Disclosure of Invention
The invention provides a method and a device for predicting a dynamic social relationship network link, aiming at solving the technical problem of improving the accuracy of dynamic social relationship network prediction.
The prediction method of the dynamic social relationship network link based on the spatio-temporal relationship comprises the following steps:
acquiring dynamic social relationship data, and preprocessing the dynamic social relationship data to generate a sample set;
constructing a weighted similarity characteristic time sequence for any node pair in the sample set;
calculating the characteristic value of any node pair at the moment to be predicted by adopting a preset algorithm based on the weighted similarity characteristic time sequence to construct a characteristic matrix;
and inputting the characteristic matrix into a pre-trained classification model, and outputting possible links of the dynamic social relationship network at the moment to be predicted.

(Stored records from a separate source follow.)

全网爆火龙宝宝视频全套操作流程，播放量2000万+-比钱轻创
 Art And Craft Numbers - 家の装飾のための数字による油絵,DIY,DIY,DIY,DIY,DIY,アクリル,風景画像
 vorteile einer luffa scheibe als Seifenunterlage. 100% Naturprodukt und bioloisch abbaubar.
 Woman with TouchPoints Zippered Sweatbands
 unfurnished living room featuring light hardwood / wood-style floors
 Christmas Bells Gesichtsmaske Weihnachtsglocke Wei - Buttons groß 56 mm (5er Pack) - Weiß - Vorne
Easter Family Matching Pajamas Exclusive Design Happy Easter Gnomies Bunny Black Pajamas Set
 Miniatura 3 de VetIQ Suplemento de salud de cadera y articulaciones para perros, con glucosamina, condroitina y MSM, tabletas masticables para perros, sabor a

According to the prediction method of the dynamic social relationship network link based on the spatio-temporal relationship, provided by the embodiment of the invention, the characteristic time sequence of the dynamic network is established on the basis of the network topological structure characteristics and link generation time sequence information, so that the application range of the prediction method is expanded from a static network to a dynamic time-varying network. The invention introduces the weight into the link prediction problem, and better reflects the practical characteristics of the network. The invention integrates the network structure characteristics and the node link characteristics, and combines the statistical model and the supervised learning method, thereby being more suitable for the actual situation and having better prediction effect, and improving the accuracy of the prediction result.
According to some embodiments of the invention, preprocessing the dynamic social relationship data comprises: and dividing the dynamic social relation data into a plurality of sub-networks according to a preset time interval.
In some embodiments of the invention, preprocessing the dynamic social relationship data comprises: and assigning a corresponding weight to each node pair based on the link relation of each node pair.
According to some embodiments of the invention, the pre-trained classification model is trained using a random forest or support vector machine algorithm.
In some embodiments of the invention, the predicted dynamic social relationship network is evaluated using an AUC evaluation metric.
The prediction device of the dynamic social relationship network link based on the spatio-temporal relationship comprises the following steps:
the data processing module is used for acquiring dynamic social relationship data and preprocessing the dynamic social relationship data to generate a sample set;
the characteristic time sequence construction module is used for constructing a weighted similarity characteristic time sequence for any node pair in the sample set;
the computing module is used for computing the characteristic value of any node pair at the moment to be predicted by adopting a preset algorithm based on the weighted similarity characteristic time sequence so as to construct a characteristic matrix;
and the classification prediction module is used for inputting the characteristic matrix into a pre-trained classification model and outputting possible links of the dynamic social relationship network at the moment to be predicted.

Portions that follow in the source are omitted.